INFORMATION SUPPLIED:
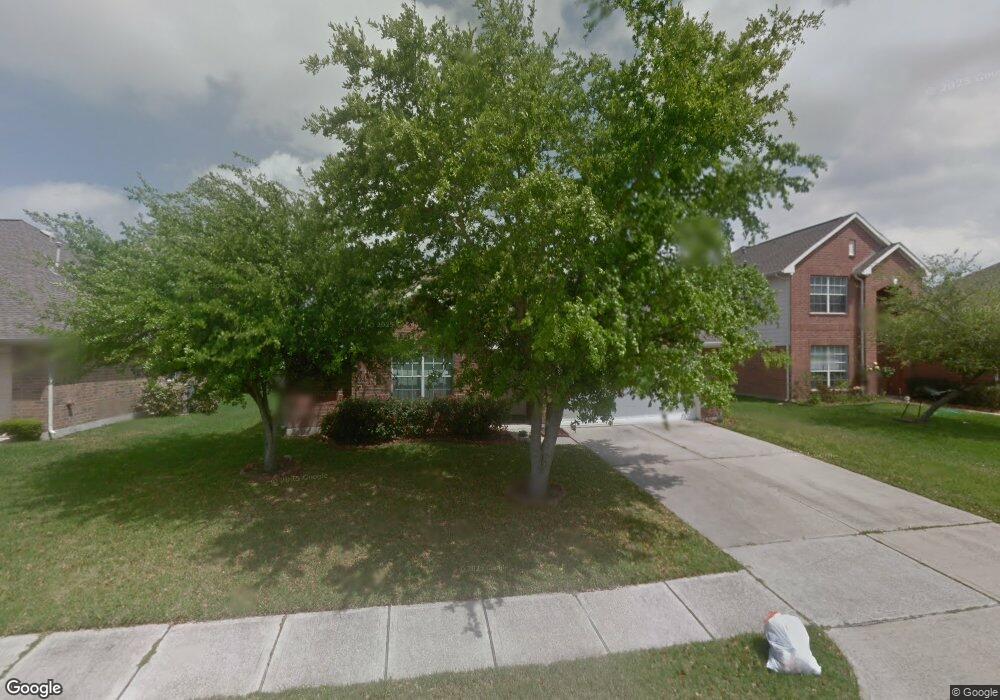 5113 Big Spring Dr, Pearland, TX 77584 - photo 1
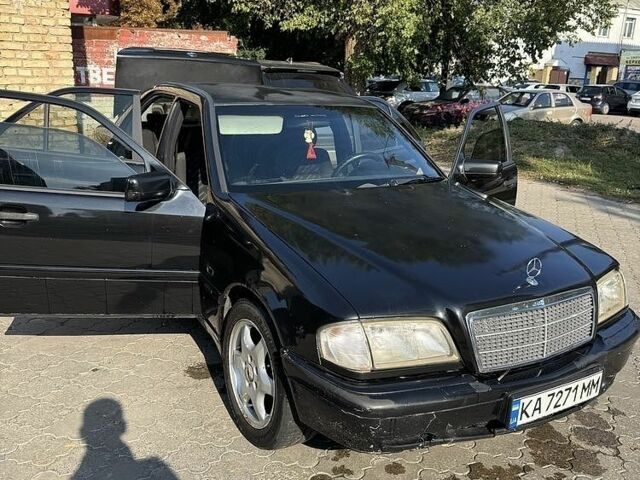 Чорний Мерседес Ц-Клас, об'ємом двигуна 1.8 л та пробігом 250 тис. км за 3008 $, фото 1 на Automoto.ua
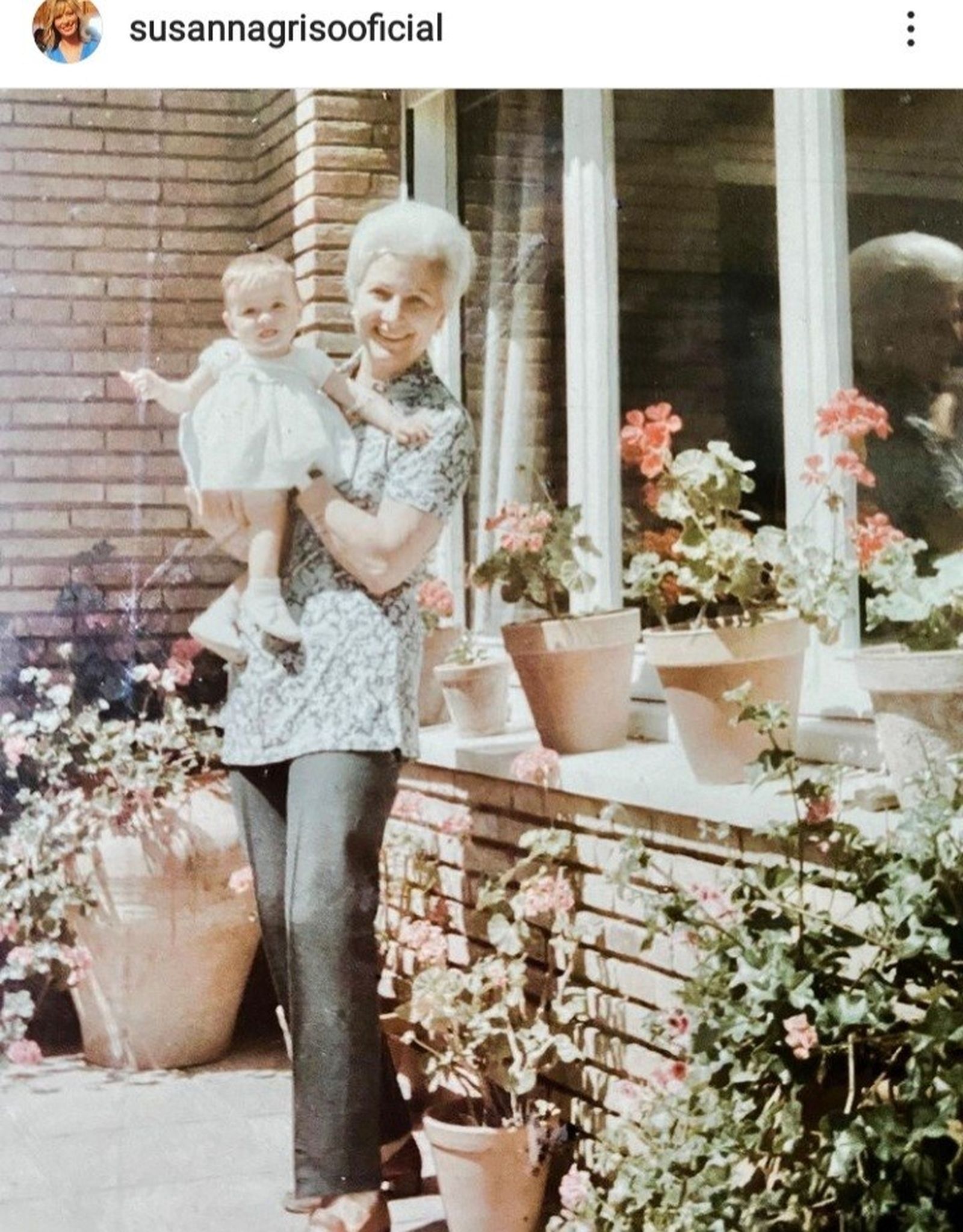 Seguimos con los bebés. Tan rubia, tan angelical. Es también presentadora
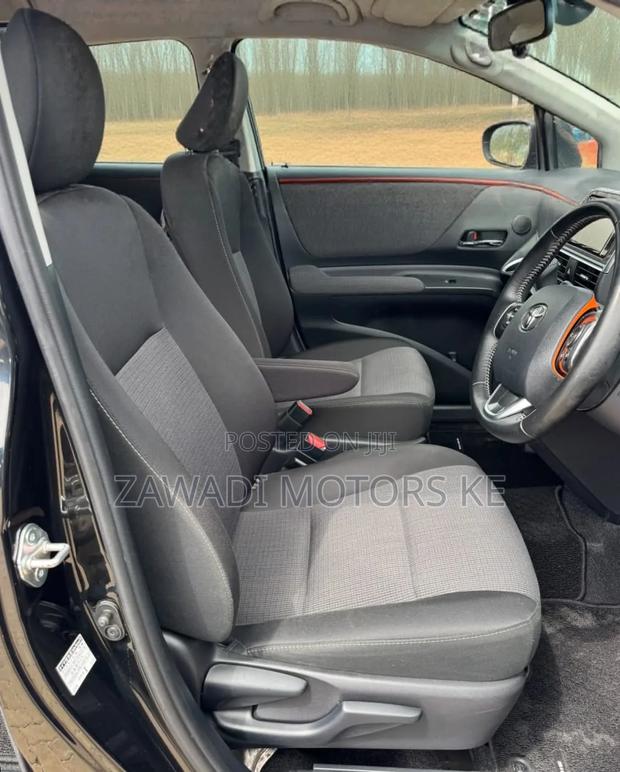 Toyota Sienta 2019 Black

EXERCISE DETAILS: Please give back every line above exactly as it stands, without pictures.

TASK OUTPUT:
 5113 Big Spring Dr, Pearland, TX 77584 - photo 1
 Чорний Мерседес Ц-Клас, об'ємом двигуна 1.8 л та пробігом 250 тис. км за 3008 $, фото 1 на Automoto.ua
 Seguimos con los bebés. Tan rubia, tan angelical. Es también presentadora
 Toyota Sienta 2019 Black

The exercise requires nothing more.